# Confused owner of dad's "bring back" Berretta handgun



## randomclarke (Feb 20, 2016)

Berretta guys, my dad brought back a bunch of stuff from WWII. Everything from an outboard motor to a Schuetzen rifle&#8230;.I'm now going through the difficult process of deciding what to sell and what to document and "hand down" to my grandsons. One item is a Berretta.
By guys/vendors at the local gun show last year I was told it was worth $400-$500 so I was considering just using it for my personal carry weapon.
However at a recent gun show I bumped into a couple of guys who had strong Berretta knowledge. They differed from the gunshow regulars who typically are WWII militaria _generalists_. These two felt that it would be sinful to use the weapon as a personal carry and that itsvalue was considerable higher due to its "remarkable" condition (original bluing, matchingnumbers throughout, etc).
Thusmy predicament: Since I've decided tosell it how can I best confirm its value? And, how do I best tap into the right market? 
Ireferenced the NRA website in an effort to accurately "rate" the condition and am guessing it would rate excellent since the original bluing is at better than 90% intact (in my non expert opinion). I have the "bring back" paper that refers to the caliber but doesn't include the serial number (which is the case with the dozen or so weapons my dad brought back).
Any insight you guys care to share is appreciated.


----------



## Steve M1911A1 (Feb 6, 2008)

Because it is a verified and provenance-traceable WW2 bring-back, and because of its really good condition, I suggest that this is a collector's gun.
Since it is moderately valuable, please be really certain that you do indeed want to sell it.

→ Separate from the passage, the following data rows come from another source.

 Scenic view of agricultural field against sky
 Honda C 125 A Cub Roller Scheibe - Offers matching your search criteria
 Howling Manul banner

The very best way to sell a collector's gun is to give it to a high-quality auction house, and let them evaluate it and sell it for you.
See: http://www.rockislandauction.com/
While a retail gunshop might realize the same sale price as an auction, the gunshop would demand a third or a half of the selling price.
An auction house charges much less, and may also help you to realize a much greater sale price (from people bidding against one-another).

This probably was once an officer's or a sergeant's "honor" sidearm. It fires the .380 ACP cartridge (_9mm Corto_: "9mm Short").
It is marginally effective in self-defense, since the cartridge it fires is not powerful. You need to be a cool, effective marksman to use it well.
Its safety lever is essential to its safe operation, yet that safety lever is in entirely the wrong place for quick access and manipulation.
(BTW: I note that, in your pictures, it is cocked. I hope that it is empty of cartridges. Please check.)

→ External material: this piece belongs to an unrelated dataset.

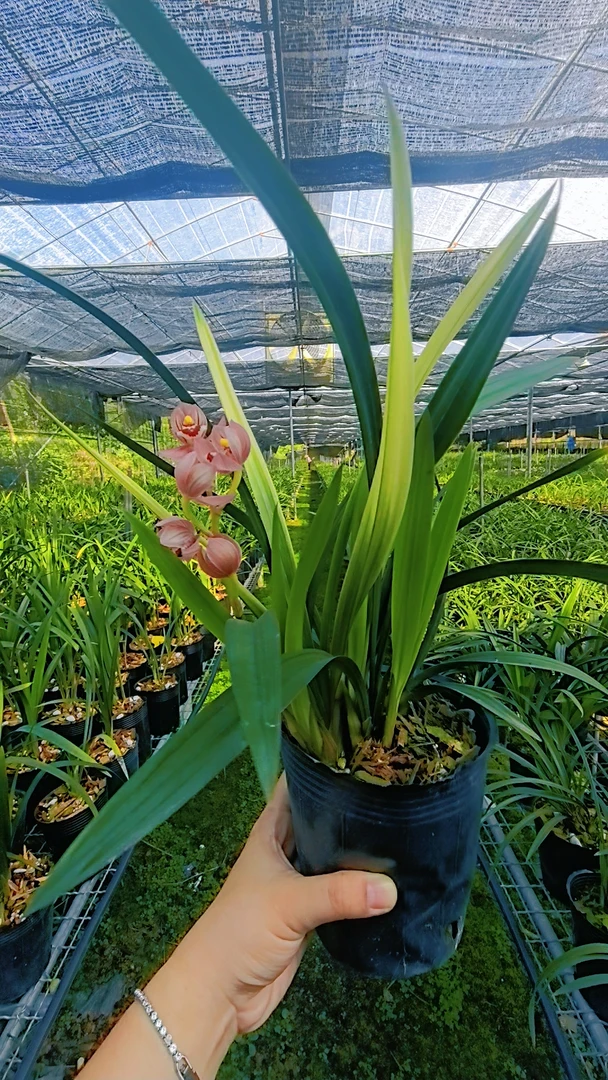 浓香型建兰东方红荷室内花卉好养易开花自家兰棚养植裸根发货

...And that's all I know about it.

Now, about that outboard motor...
Is it an English Seagull?
If it is, it's pretty valuable too.


----------



## randomclarke (Feb 20, 2016)

Thanks for the input. I'll check out Rock Island Auction.

Much appreciated, and, yes it is empty (but I do have 2 clips)

The outboard motor is long gone, not sure what the make was..........

Randomclarke


----------



## Spike12 (Dec 10, 2008)

Got to good gun shop and explain your situation. They should be willing to look it up in The Blue Book of Gun Values. Since they will have it in their hands at the time they can assess and declare the condition. The value/price of a gun is ALWAYS set by the condition. Condition is EVERYTHING in gun's value. 

Unless you can provide written documentation that it is, in deed, a bring back gun, verbal history is next to worthless to a buyer as none of it can be verified. Bottom line to a buyer is the gun itself. 

I would search for a Beretta owner's forum and see what they can offer too. I think they should be a huge help for you.

Your gun looks to be in great condition and if it really a WWII bring back, it's a very significant piece of family history I'd think twice about selling if it was mine. What your father and this country did for the world in WWII can not be overstated.


----------



## CW (Mar 20, 2015)

Beautiful Beretta.

You should check out Berettaforum.net for more information. They have some very knowledgeable members and should be able to help with valuing and selling if you _really _want to.

PS, Steve, as for being safe, you must've missed the *orange* tie-strap through the barrel ...


----------



## Steve M1911A1 (Feb 6, 2008)

You're right: I did miss it.
Thanks.

To *randomclarke*: My apologies.


----------



## randomclarke (Feb 20, 2016)

Guys............I'm in contact with rockislandauction and have gotten great and encouraging input from several members on the berettaforum.com. I think I'm on my way to good results thanks to your help. 

Gonna now put together a posting of my wartime DUO handgun and see if I can get the same boost to my efforts to finding a new home for it.


----------



## randomclarke (Feb 20, 2016)

guys you just would not believe the explosion of interest, information, debate, and finite detail that the berettaforum.com guys have tossed at me and each other........itz a session at the "University of Beretta". I thank ya'll for pushing me in that direction.


----------